WHAT THIS TASK INVOLVES —
The full listing should be written out verbatim, and its images should be dropped.

Segment Start: TASK DATA

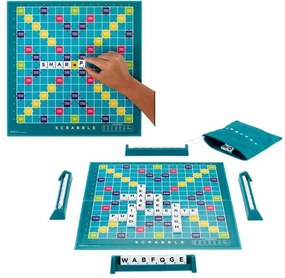 Επιτραπέζιο Παιχνίδι Mattel Scrabble ES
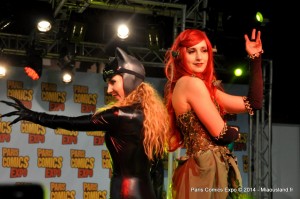 278 - Paris Comics Expo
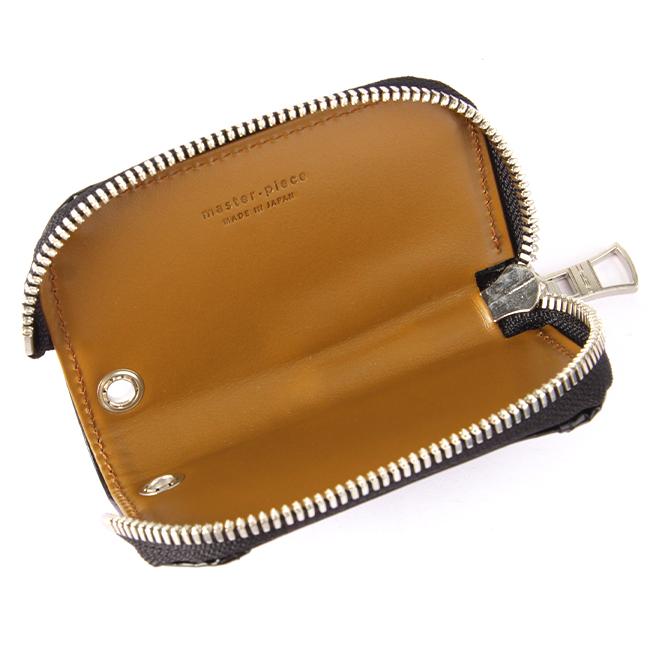 マスターピース ノッチ キーケース キーホルダー master-piece mspc-223059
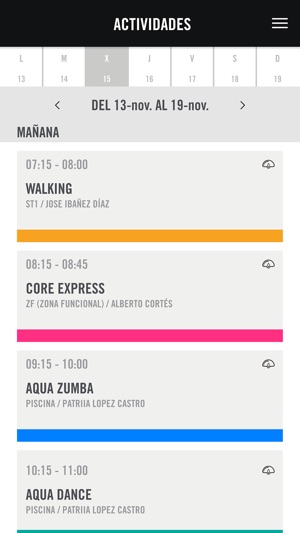 Badalona Fitness(圖4)-速報App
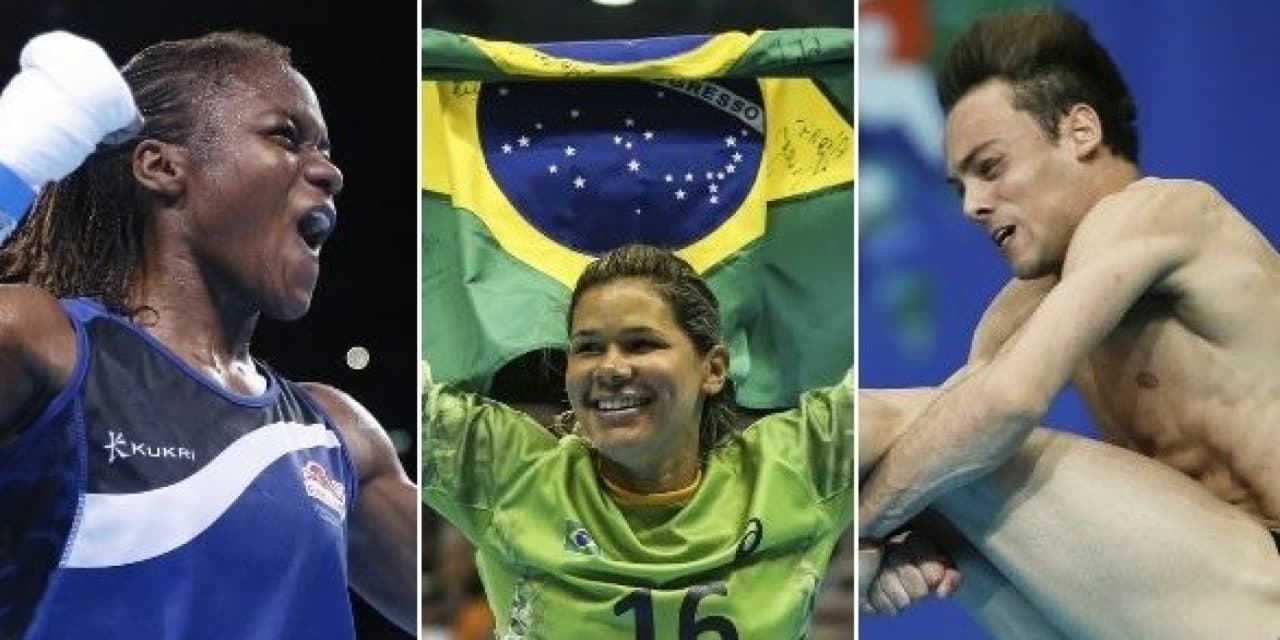 Rio 2016: 13 atletas LGBT que brilham na Olimpíada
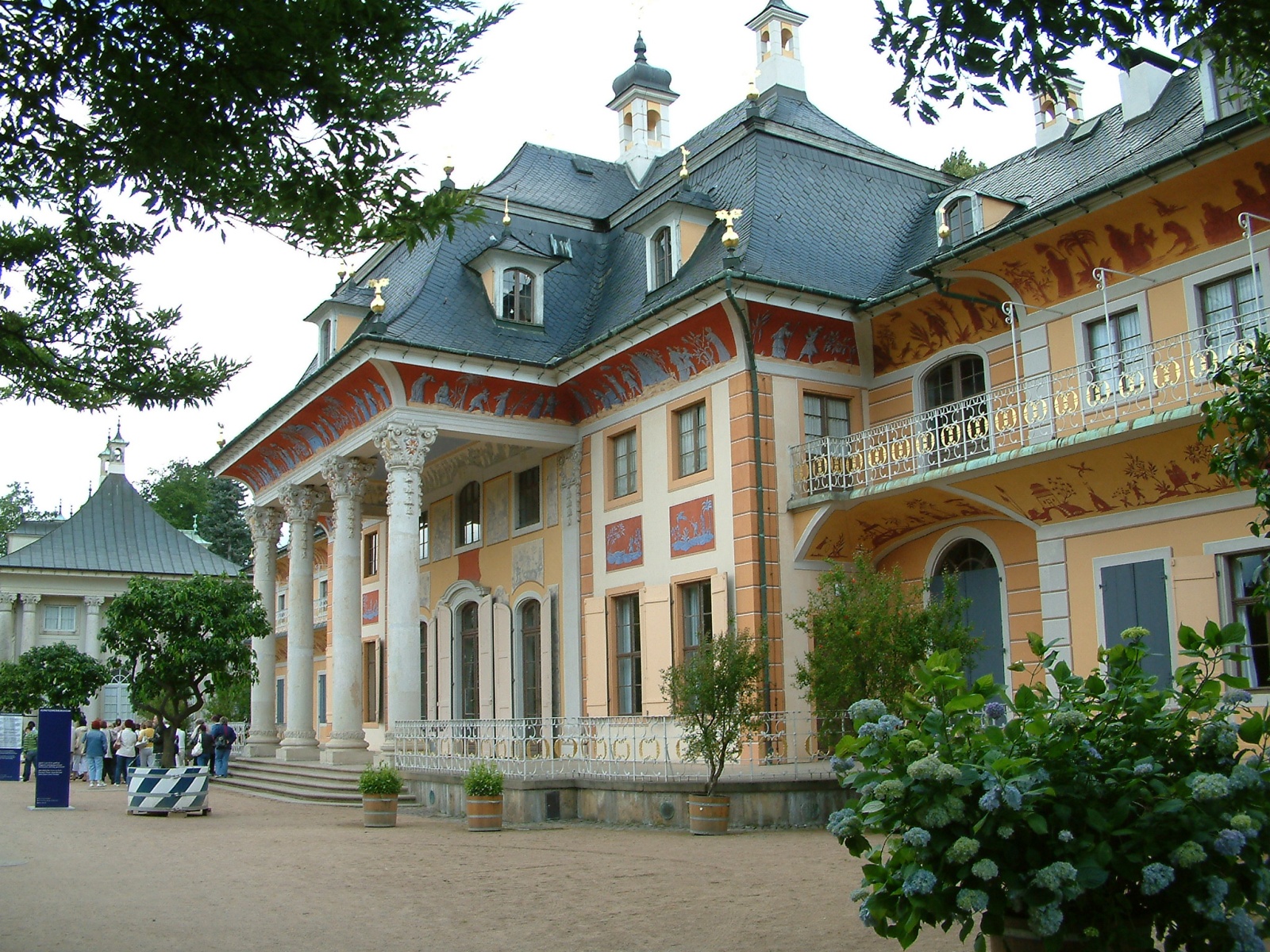 Bergpalais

Segment End: TASK DATA

TASK RESPONSE —
 Επιτραπέζιο Παιχνίδι Mattel Scrabble ES
 278 - Paris Comics Expo
 マスターピース ノッチ キーケース キーホルダー master-piece mspc-223059
 Badalona Fitness(圖4)-速報App
 Rio 2016: 13 atletas LGBT que brilham na Olimpíada
 Bergpalais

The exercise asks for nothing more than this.